Hi!
The LIKE query probably doesn't use an index and thus finds the relevant data via sequential scan and equality checks on each record.
Yeah, exactly. An equality condition will use a btree index if available. LIKE, however, sees the "_" as a wildcard so it cannot use an index and resorts to a seqscan --- which will work fine. It's just index searches (and index-based sorts) that are broken.
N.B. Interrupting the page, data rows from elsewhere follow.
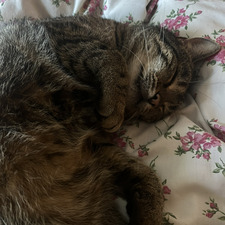 Ola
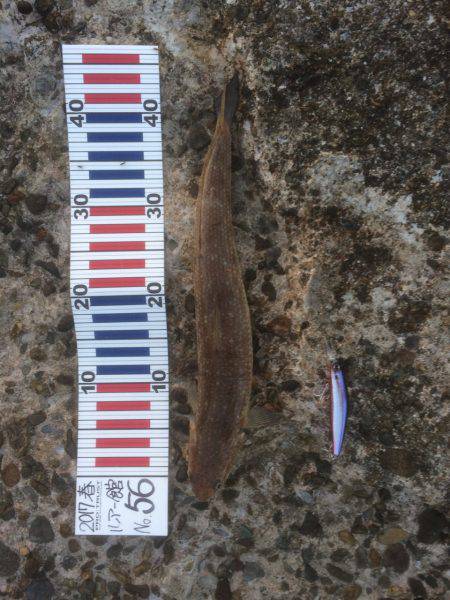 洲本から土生ランガン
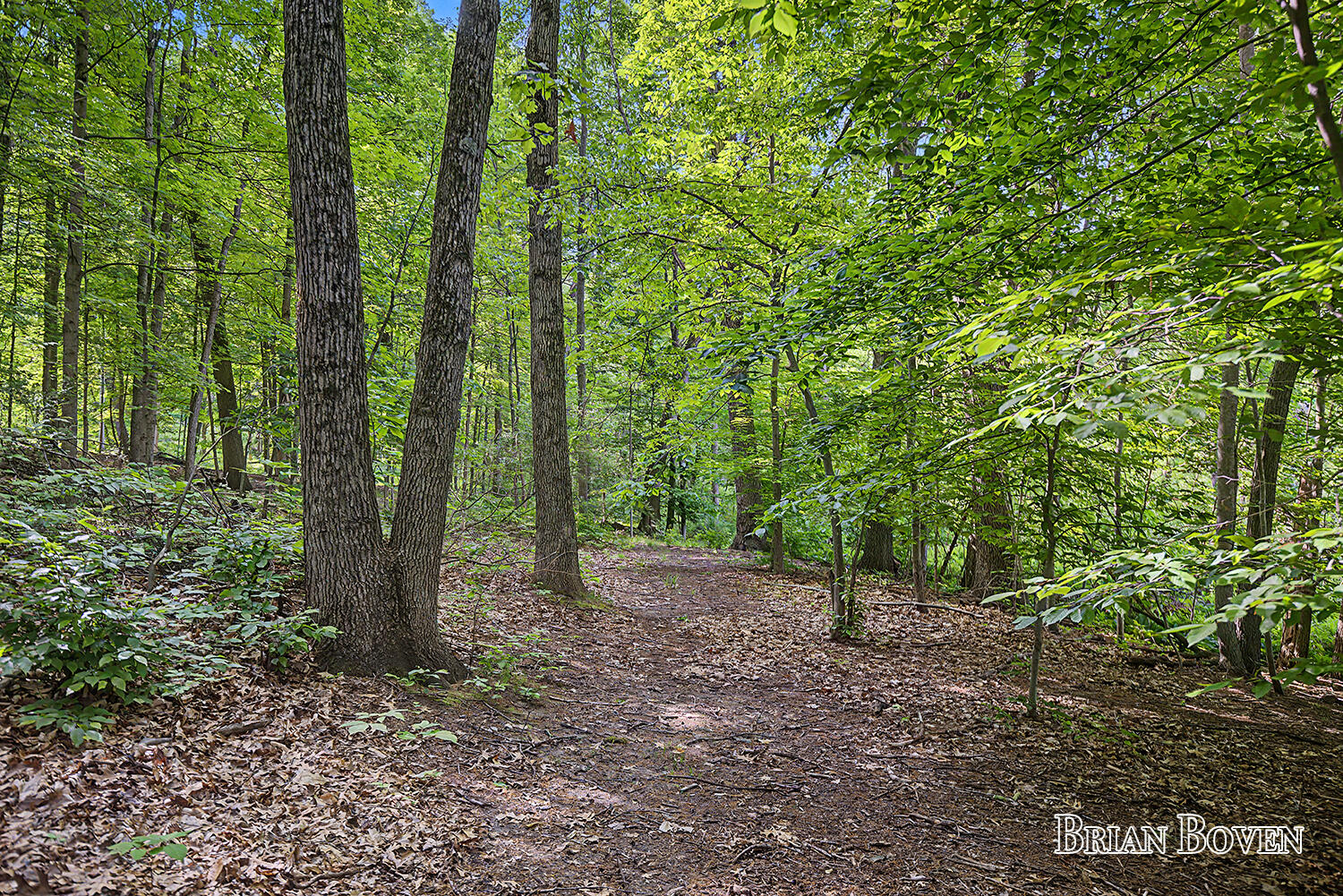 4383 Honey Creek Avenue NE Ada MI 49301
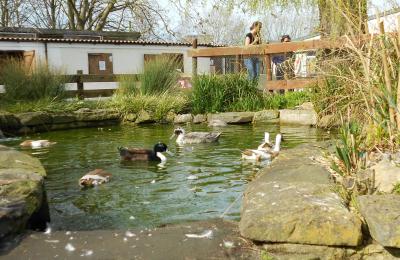 The pond at Windmill Hill City Farm in South Bristol - credit Windmill Hill City Farm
Of course, if there isn't an index on the column in question then this theory falls to the ground.
There is composite index on baas column CREATE TABLE public.desktop ( id integer NOT NULL DEFAULT nextval('desktop_id_seq'::regclass), recordtype character(5) COLLATE pg_catalog."default" NOT NULL, klass character(1) COLLATE pg_catalog."default", baas character(8) COLLATE pg_catalog."default" NOT NULL, liigid character(1) COLLATE pg_catalog."default" NOT NULL DEFAULT ''::bpchar, jrk numeric(4,0) NOT NULL DEFAULT 0, ... CONSTRAINT desktop_pkey PRIMARY KEY (id), CONSTRAINT desktop_baas_not_empty CHECK (baas <> ''::bpchar), CONSTRAINT desktop_id_check CHECK (id > 0), CONSTRAINT desktop_recordtype_check CHECK (recordtype = 'Aken'::bpchar OR recordtype = 'Veerg'::bpchar) ) TABLESPACE pg_default; CREATE INDEX desktop_baas_liigid_idx ON public.desktop USING btree (baas COLLATE pg_catalog."default" ASC NULLS LAST, liigid COLLATE pg_catalog."default" ASC NULLS LAST) TABLESPACE pg_default; Maybe it is possible to force postgres in windows to use the same locale as in Linux. Locales are actually the same. Andrus.